Formula One News #Update
Ross Brawn, the leader of the team of engineers for the Formula One motorsport is overseeing the projected new rule package that will see F1 switch from 13 inch wheels to 18 inch wheels, a transpose that will take effect in 2021.
One F1 insider told Motorsport.com that it is now “more likely than not” that the move will be made.
In his reply to the leaked rumor, FIA race director Charlie Whiting said: “I would say so. It is part of the package that we are discussing.”
Pirelli has even demonstrated concept tyres, a change that has been in push for several years with Charles Pic running them on a Lotus at Silverstone in 2014, and Martin Brundle trying them on a GP2 test car in Monaco in 2015.
The company believes that low-profile tyres, as already seen in the WEC and Formula E, have more in common with road car technology than the current 13-inch spec, and would be better for marketing purposes.
The argument against a change has always been that it would have a major impact on suspension design, and hence add to development costs, but opinion has now swung in favour.
Some teams have even suggested that the move should be made as early as 2020, with the current cars. However, the consensus is that it would be logical to wait for the big package of changes that will come in 2021.
Pirelli’s exclusive supply contract ends in 2019, and a move to 18 inches would be built into any future tender, which will be open to rival manufacturers.

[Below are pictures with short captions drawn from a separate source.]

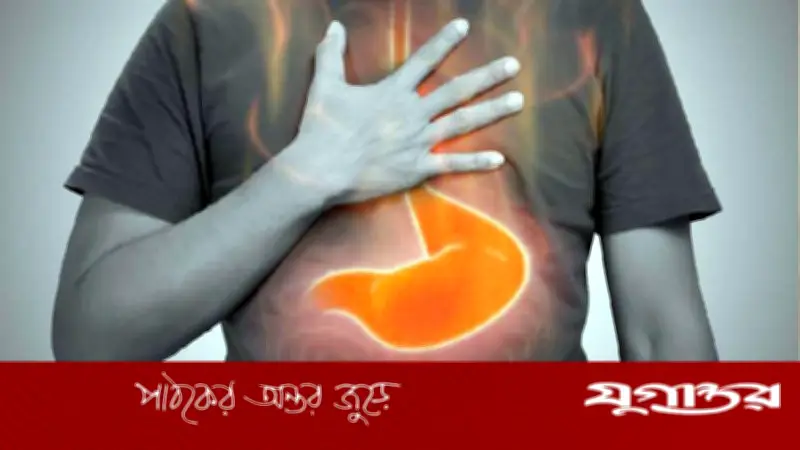 গরমে হালকা খাবারেও পেট ভার? ৫ ভুলে বাড়ে গ্যাস-অম্বল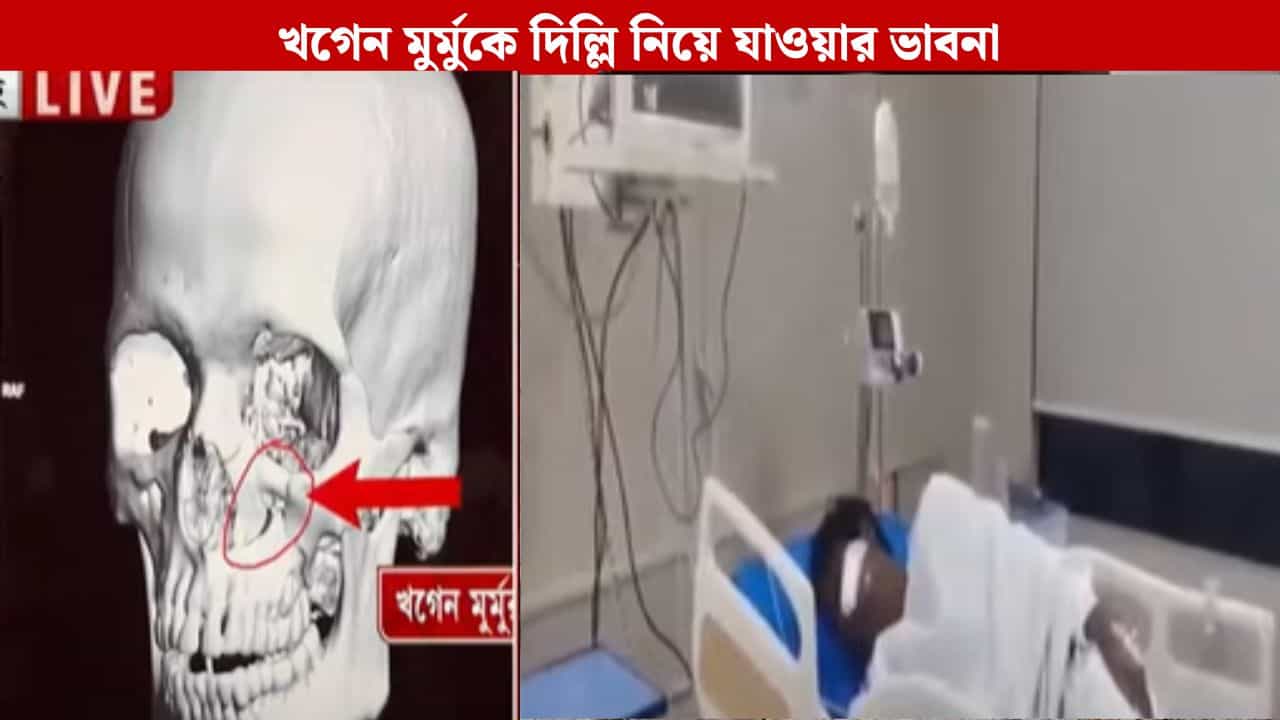 Attacked On Khagen Murmu: মুখে বসানো হতে পারে পাত, আপাতত কথা বলতে পারবেন না খগেন মুর্মু, দিল্লি নিয়ে যাওয়ার ভাবনা পরিবারের Attacked On Khagen Murmu: মুখে বসানো হতে পারে পাত, আপাতত কথা বলতে পারবেন না খগেন মুর্মু, দিল্লি নিয়ে যাওয়ার ভাবনা পরিবারের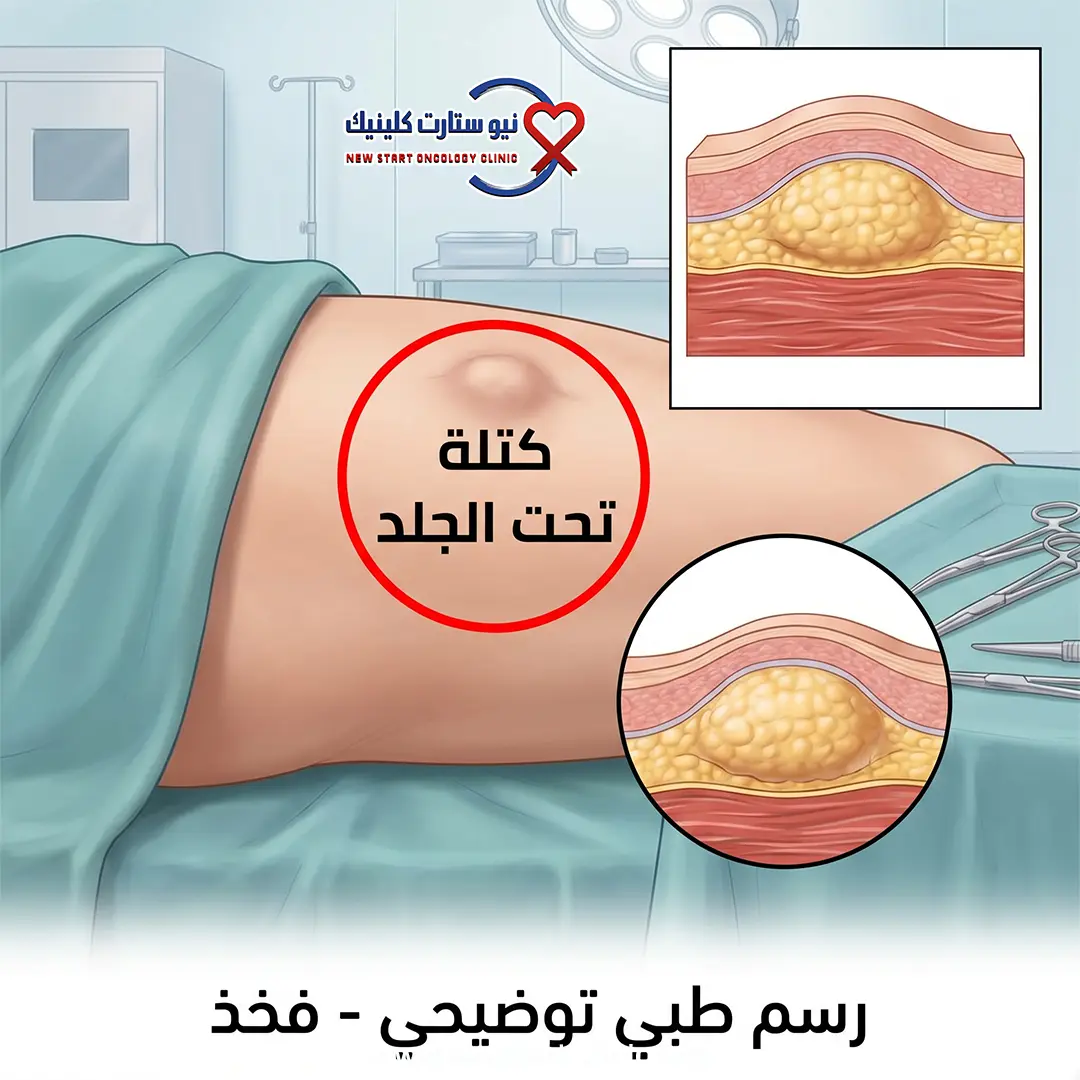 سرطان الفخذ بالصور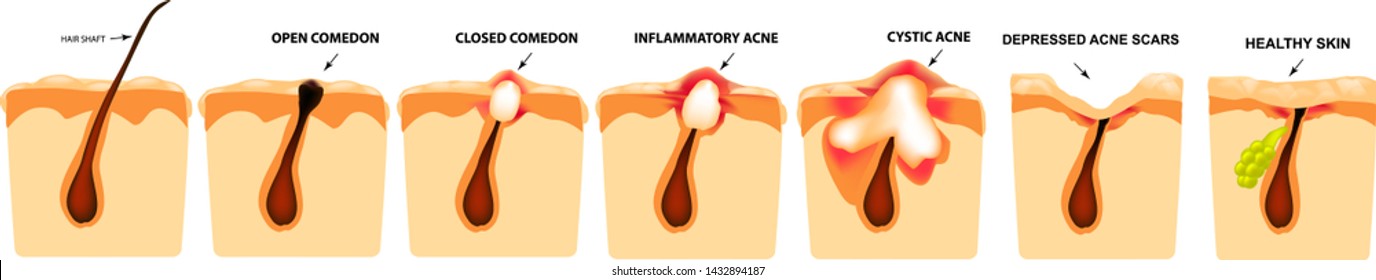 Types of acne. Closed comedones, open comedones, inflamed acne, cysts. Inflamed pimples. The structure of the skin. Scar acne and pimples. Infographics. Vector illustration on isolated background.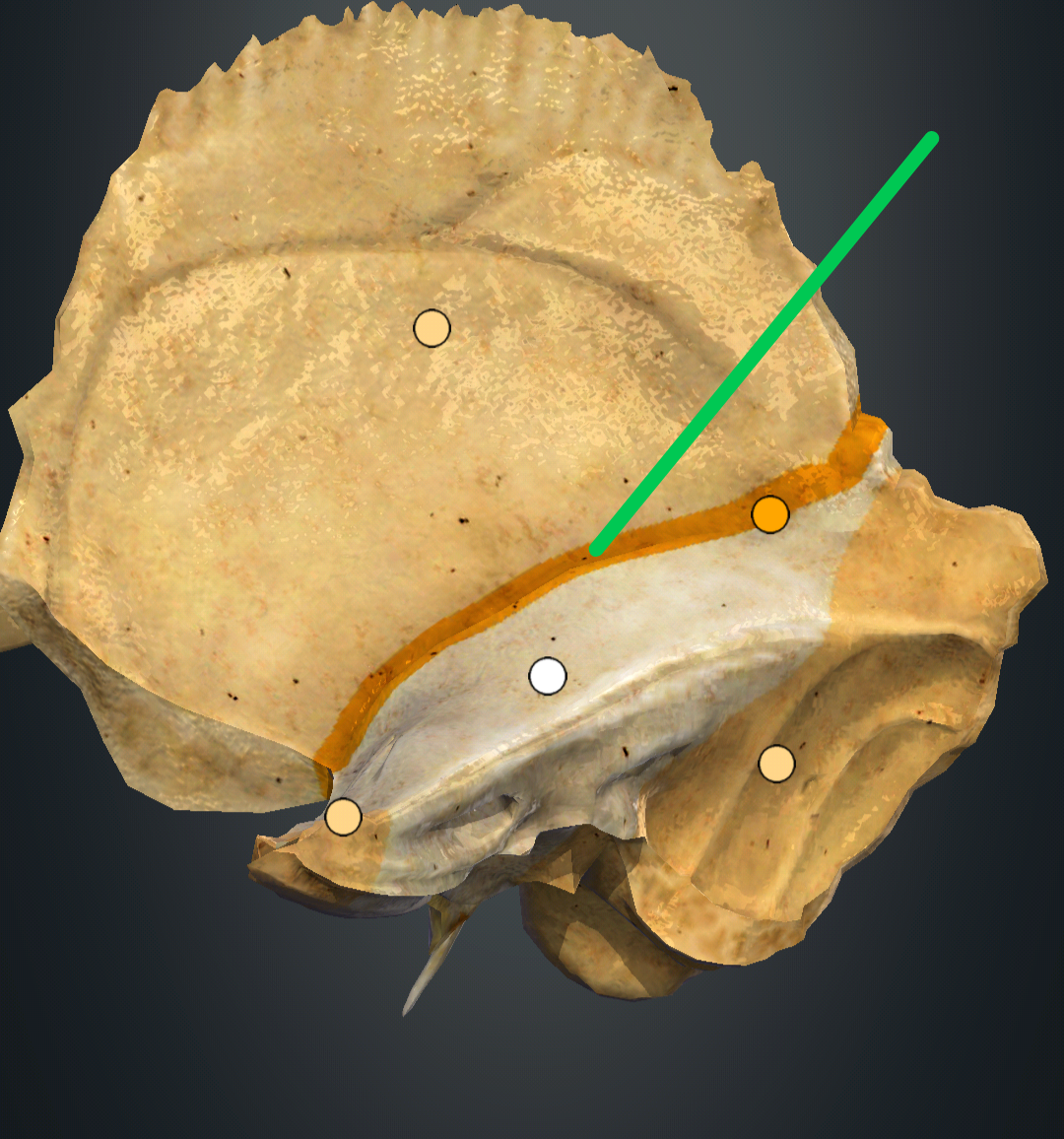 <p>fissura petrosquamosa</p>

The complication for any newcomer is that they will potentially have to develop 13-inch wheels for a single season in 2020, before the move to 18 inches.
Pirelli CEO Marco Tronchetti Provera confirmed in Monaco that the Italian company is ready to make the change.
“We are open,” he said. “Obviously they have to find the right regulation, and have the teams ready to adopt it.
“There are a number of issues of aerodynamics, of suspension and so on. When the teams are ready, we are ready.
“For us it is always technology. We are happy with 13, we are happy with 18. Tyres are more visible, the bigger they are, the better it is. But the technological challenges are different.”
The priority for Pirelli will be to organise a suitable test programme, which will require a “mule” car or cars with modified suspension.
“At the moment we haven’t discussed this in detail yet,” Pirelli F1 boss Mario Isola told Motorsport.com. “Because it’s not just the tyre regulations that are missing, but all the regulations.
“We said that we are ready to do whatever they ask, with the proper time and testing. This is our position.
“We have to make a proper plan. In the past we made different tyres, we made wider tyres, we are always trying to follow what are F1’s requirements. But we’ll need a proper car to test. It’s a similar situation to 2016, with the wider tyres.”
Isola believes that the move should wait for the new cars in 2021: “I think that 2020 is too close for such a big change. It doesn’t make a lot of sense considering that in 2021 we will have other changes, so it’s better to do it all together.”